There are several additonal methods to make Dictionaries easy to work with...3

In [None]:
music.items()

In [None]:
music.keys()

In [None]:
music.values()

In [None]:
music.get('rock')

In [None]:
music.get('rock')

In [None]:
music.clear()
print(music)

## Sets

A set is a data structure that can only contain unique objects.  Adding something that already exists in a set does nothing (but also does not cause an error)

In [None]:
numbers = set([1,1,1,1,1,3,3,3,3,3,2,2,2,2,3,3,3,4])
letters = set('TheQuickBrownFoxJumpedOverTheLazyDog'.lower())
numbers.add(4)
print(numbers)

In [None]:
numbers.add(5)
print(numbers)

In [None]:
numbers.update([3,4,5,6,7])
print(numbers)

In [None]:
numbers.pop()

In [None]:
print(numbers)

In [None]:
numbers.remove(7)

In [None]:
print(numbers)

You can do Union, Intersection, and symmetric difference on sets...

In [None]:
house_pets = {'dog', 'cat', 'fish'}
farm_animals = {'cow', 'sheep', 'pig', 'dog', 'cat'}

house_pets & farm_animals

In [None]:
house_pets | farm_animals

In [None]:
house_pets ^ farm_animals # symmetric difference

In [None]:
house_pets - farm_animals # asymmetric difference

### In Class Exercise

1. If we list all the natural numbers below 10 that are multiples of 3 or 5, we get 3,5,6 and 9.  The sum of these mutliples is 23.  Find the sum of all the multiples between 3 or 5 below 1000.

In [None]:
# Cell for in class exercise - remove answer before giving to students

sum = 0

for i in range(1000):
    if i%3 == 0 or i%5 == 0:
            sum += i
            print(i)
            
print(sum)

## File IO

Easy to do in Python!

In [None]:
myfile = open('data.txt', 'w')
myfile.write("writing data to file")
myfile.close()

data.txt should be saved to the folder from where you are running this note book - go check!

Note - opening a file that already exists will erase the original file!

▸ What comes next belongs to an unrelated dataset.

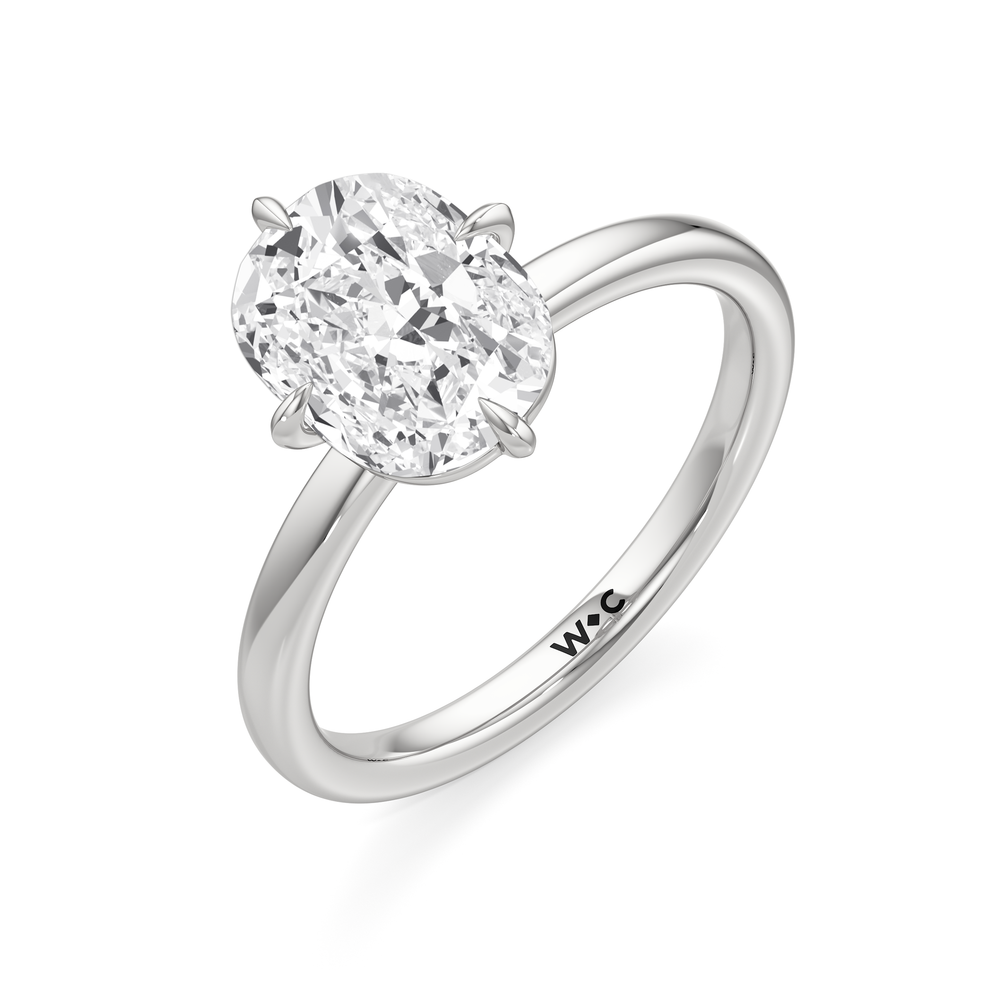 Antique Cushion Cut Aster Engagement Ring with Lab Grown Diamond in 14KT Platinum view 6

There are only a few modes which are commonly used
1. w - writing
2. r - reading
3. a - appending
4. r+ - reading and writing
5. b - binary mode

### File-like Objects

With the amount of RAM available in modern computers there could be a big performance gain in your applicaiton by using a file-like object.3

In [None]:
import io
mystringfile = io.StringIO()
mystringfile.write("This is my data!")
mystringfile.read() # cursor is at the end!3

In [None]:
mystringfile.seek(0) # put the cursor back at the start
mystringfile.read()

### In Class Exercise

Write a word count funtion that takes a text file and returns a dictionary that contains the count for each word.  Remove all punctuation except apostrophe.  Lowercase all words.

In [None]:
# Cell is for all In Class Exercise


#Remove answer before giving to students
myfile = open('data.txt', 'r')

mydata = myfile.read()
mydict = {}

for i in mydata.split():
    if i in mydict:
        mydict[i] += 1
    else:
        mydict[i] = 1
        
    
print(mydict)

## Functional Programming

At a basic level there are two types of programming paradigms:
1. imperative or procedural programming (everything in this course so far)
2. declarative or functional programming

Imperative programming focuses on telling a computer how to change a program's state step by step.  Most programming is this paragdigm.  It's tightly aligned to how a computer actually works physically.  These instructions can be organized into functions and objects, but both of these improvements remain imperative at heart.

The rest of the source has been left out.